[Opening GIVEN RECORDS section]

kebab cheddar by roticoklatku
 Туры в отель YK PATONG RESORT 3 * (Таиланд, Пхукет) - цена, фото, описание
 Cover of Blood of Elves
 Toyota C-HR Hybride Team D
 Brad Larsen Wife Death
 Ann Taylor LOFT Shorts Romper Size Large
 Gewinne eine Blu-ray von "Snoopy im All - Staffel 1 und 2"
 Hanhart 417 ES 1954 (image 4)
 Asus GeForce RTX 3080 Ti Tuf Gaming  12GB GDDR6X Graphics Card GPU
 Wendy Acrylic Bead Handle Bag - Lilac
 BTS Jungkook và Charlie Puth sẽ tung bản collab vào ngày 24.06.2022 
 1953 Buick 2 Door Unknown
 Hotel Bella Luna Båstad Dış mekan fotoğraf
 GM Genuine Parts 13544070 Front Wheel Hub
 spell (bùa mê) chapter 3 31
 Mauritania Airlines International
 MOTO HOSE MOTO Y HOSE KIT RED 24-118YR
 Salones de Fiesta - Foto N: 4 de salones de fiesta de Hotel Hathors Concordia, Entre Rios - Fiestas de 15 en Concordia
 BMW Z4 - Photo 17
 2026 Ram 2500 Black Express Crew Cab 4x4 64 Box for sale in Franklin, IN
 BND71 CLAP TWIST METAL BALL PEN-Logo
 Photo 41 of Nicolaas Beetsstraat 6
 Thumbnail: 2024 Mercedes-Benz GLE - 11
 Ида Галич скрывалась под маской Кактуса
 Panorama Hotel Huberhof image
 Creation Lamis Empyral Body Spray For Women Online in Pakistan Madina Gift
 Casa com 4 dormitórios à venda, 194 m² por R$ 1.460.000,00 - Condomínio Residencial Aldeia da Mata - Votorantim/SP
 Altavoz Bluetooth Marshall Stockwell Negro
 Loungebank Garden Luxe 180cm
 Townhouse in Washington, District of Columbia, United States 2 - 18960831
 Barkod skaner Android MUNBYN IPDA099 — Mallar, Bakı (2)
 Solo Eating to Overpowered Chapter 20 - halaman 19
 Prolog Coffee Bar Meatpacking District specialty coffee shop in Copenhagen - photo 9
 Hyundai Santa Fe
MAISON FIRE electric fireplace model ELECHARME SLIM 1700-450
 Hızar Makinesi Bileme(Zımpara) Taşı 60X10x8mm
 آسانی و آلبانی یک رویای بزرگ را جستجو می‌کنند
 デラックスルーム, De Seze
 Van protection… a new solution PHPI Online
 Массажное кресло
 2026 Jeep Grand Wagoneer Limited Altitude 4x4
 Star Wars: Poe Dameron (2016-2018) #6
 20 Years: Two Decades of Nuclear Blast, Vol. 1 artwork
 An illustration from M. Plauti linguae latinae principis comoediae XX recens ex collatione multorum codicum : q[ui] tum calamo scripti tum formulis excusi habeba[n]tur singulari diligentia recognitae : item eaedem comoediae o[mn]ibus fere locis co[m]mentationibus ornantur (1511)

[Closing GIVEN RECORDS section]

ABOUT THIS EXERCISE: Search the records for the string "District" and, wherever a line contains it, please copy that line.

PROBLEM SOLUTION:
 Townhouse in Washington, District of Columbia, United States 2 - 18960831
 Prolog Coffee Bar Meatpacking District specialty coffee shop in Copenhagen - photo 9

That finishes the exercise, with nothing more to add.